Please set down each of the lines below once more, exactly, omitting all pictures.

=== Begin Enclosure ===

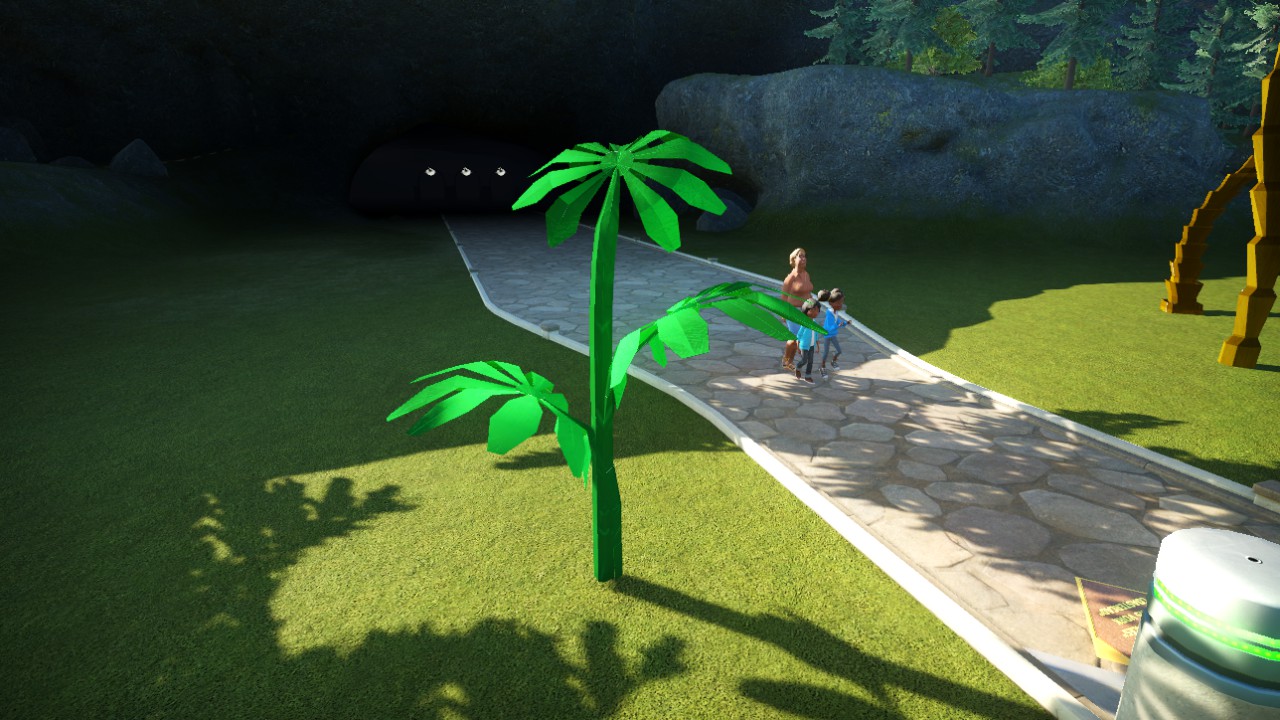 tropical-plant-003-3m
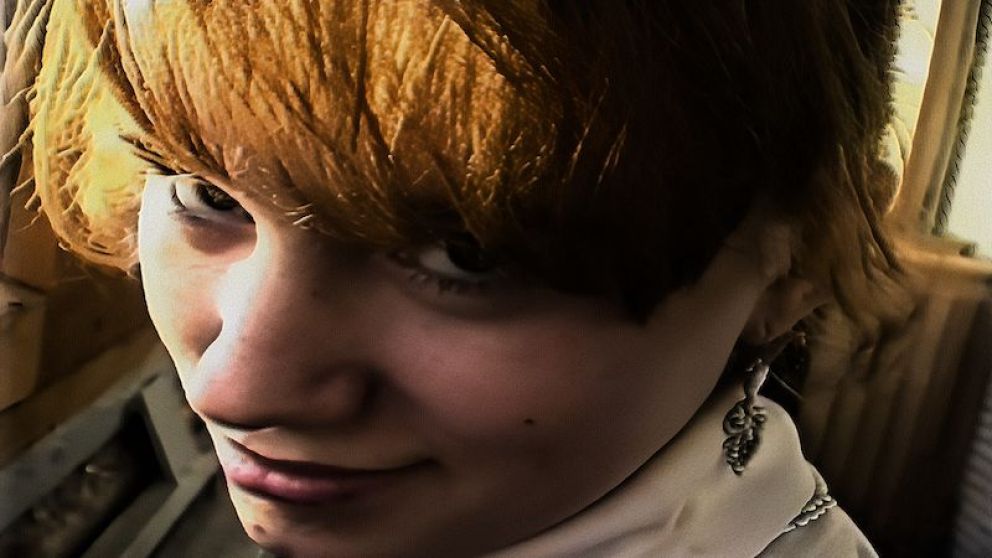 Crítica de “Ecos de Xinjiang”: Pablo Martín Weber y la ciencia ficción como resistencia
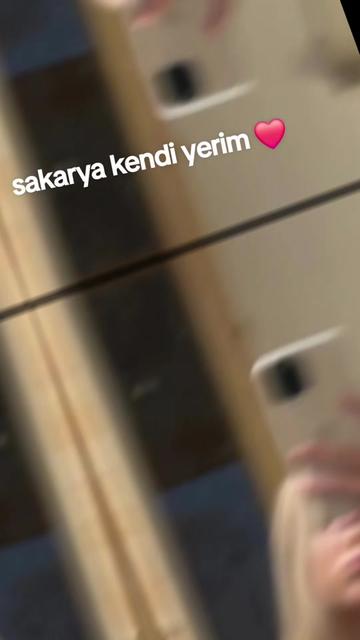 @Emel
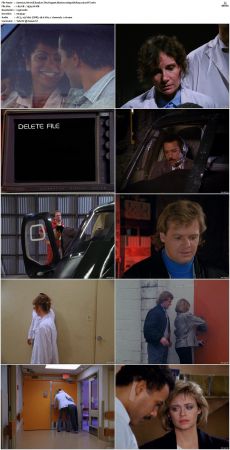 Air Wolf S04 1080p BluRay x264-OFT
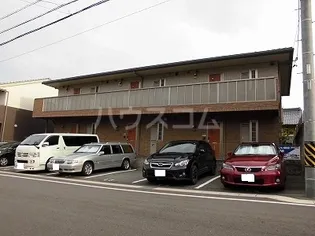 サンプレジャー三喜の画像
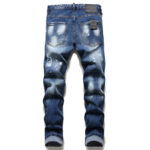 DSQ2 JEANS - Image 2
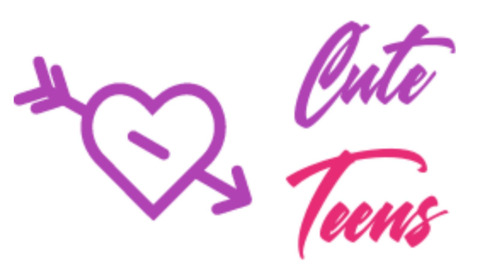 Header of cuteteensgroup1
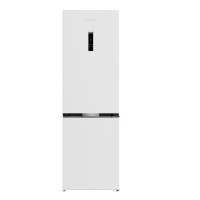 Холодильник Grundig GKPN66930FW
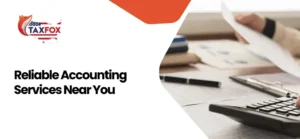 accounting services near me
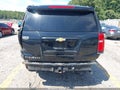 Photo 16 of 16 — 2020 Chevrolet Suburban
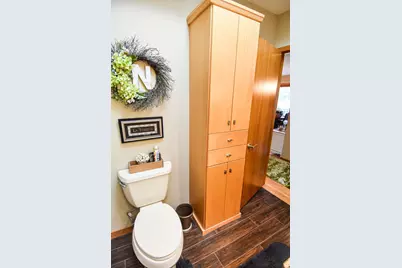 1217 Taft Street E, Thief River Falls, MN 56701 - Photo 41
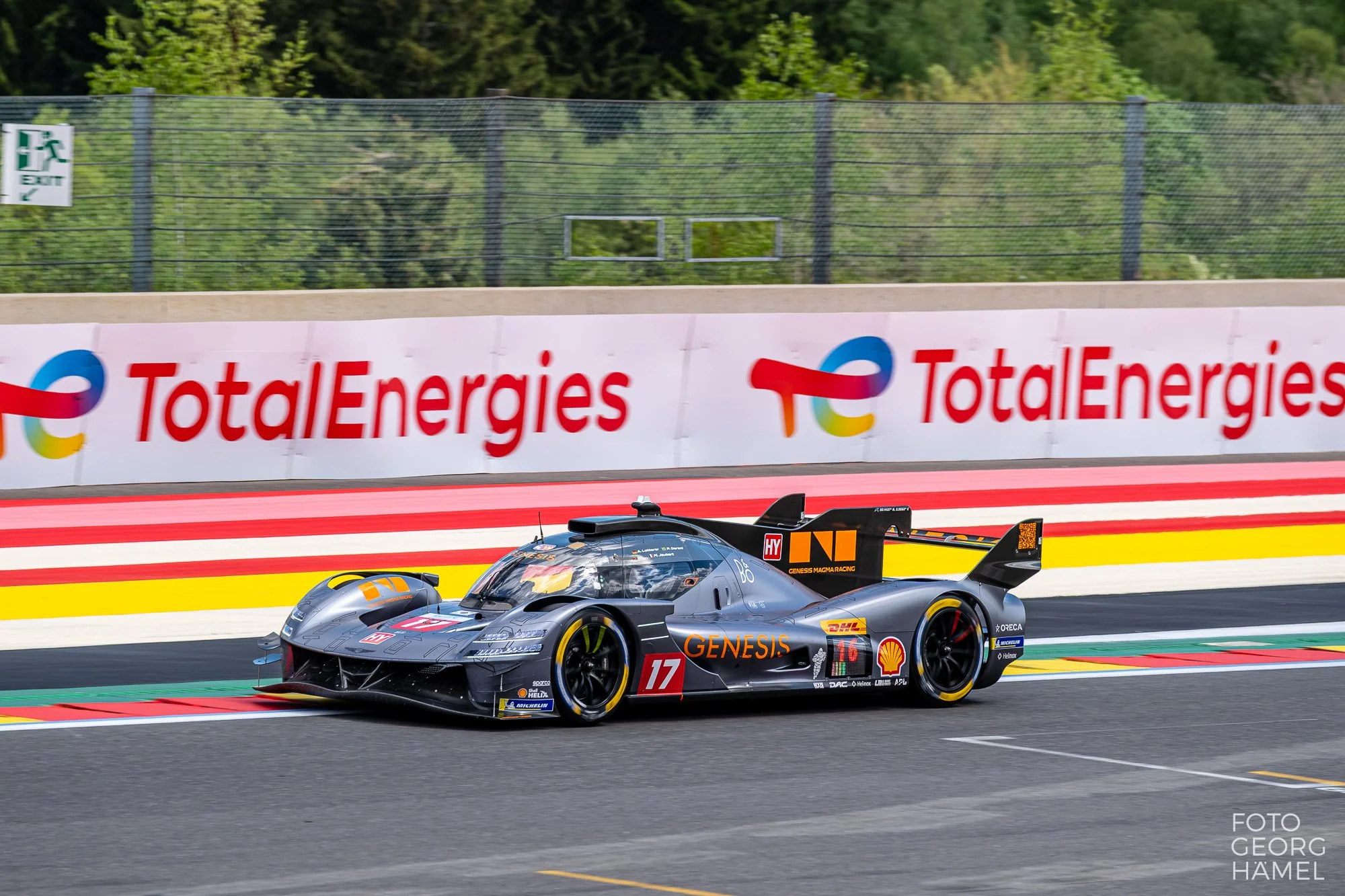 wec2026-6.jpg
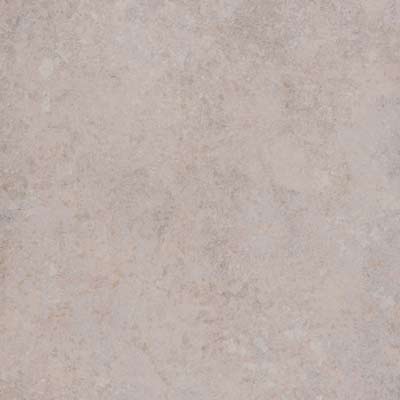 Tesoro Tesoro Appi Antica 13 X 13 Scabos Tile  &  Stone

=== End Enclosure ===

- [RESPONSE AREA]:
 tropical-plant-003-3m
 Crítica de “Ecos de Xinjiang”: Pablo Martín Weber y la ciencia ficción como resistencia
 @Emel
 Air Wolf S04 1080p BluRay x264-OFT
 サンプレジャー三喜の画像
 DSQ2 JEANS - Image 2
 Header of cuteteensgroup1
 Холодильник Grundig GKPN66930FW
 accounting services near me
 Photo 16 of 16 — 2020 Chevrolet Suburban
 1217 Taft Street E, Thief River Falls, MN 56701 - Photo 41
 wec2026-6.jpg
 Tesoro Tesoro Appi Antica 13 X 13 Scabos Tile  &  Stone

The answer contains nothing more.